William had been on the throne during the political turbulence of the early 1830s, at which time Adelaide had been very politically active herself, openly supporting the Tories and opposing Parliamentary reform. She had made herself highly unpopular. When William died and Victoria succeeded in 1837, Adelaide became Queen Dowager. She mostly – though not entirely – dropped her political intrigues, and concentrated on charitable works, and Penge was a beneficiary of this new generosity. In 1840-41 she agreed to contribute as patron to the Watermen’s and Lightermen’s Almshouses. And when in the mid-1840s she decided to establish a new set of almshouses to accommodate the widows of naval officers, Penge again was the chosen location.

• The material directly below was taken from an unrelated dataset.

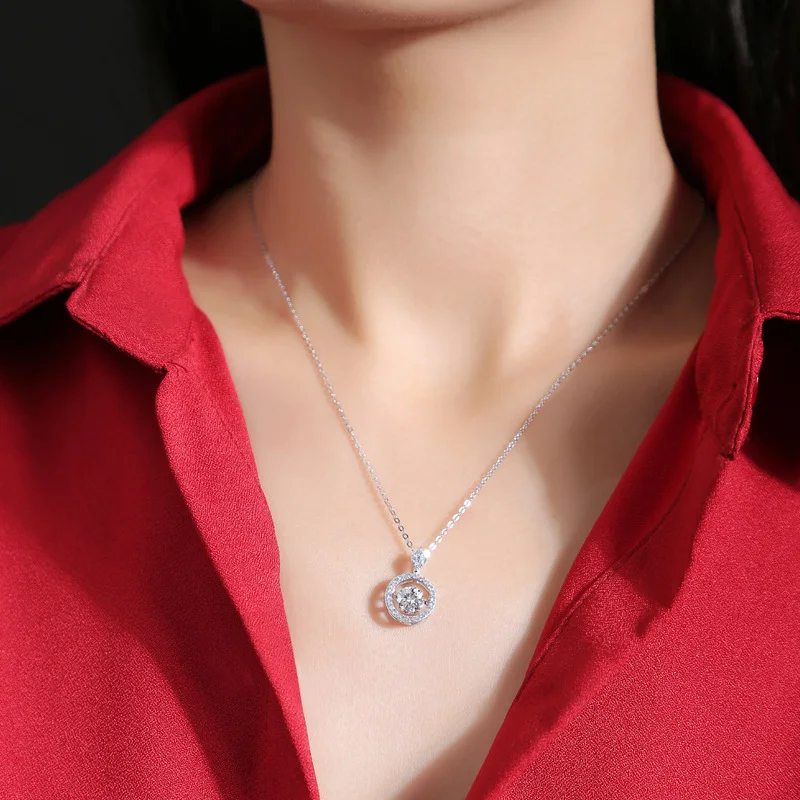 Moissanite halo pendant necklace for women in 925 sterling silver with round sparkling stone, luxury jewelry gift by Mireli Jewelry, available worldwide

The big difference between the Watermen’s Almshouses, and the new King William Naval Asylum, is architectural. As described in the previous post, the Watermen’s Almshouses were designed by George Porter, who finessed his position as Surveyor to the Watermen’s and Lightermen’s Society to land himself the commission, despite having very little architectural experience. The choice of an architect for the Naval Asylum could not have been more different: as an initiative by a leading member of the Royal Family, nothing less than an utterly respectable, utterly reliable, establishment architect would do. And an establishment architect was duly appointed.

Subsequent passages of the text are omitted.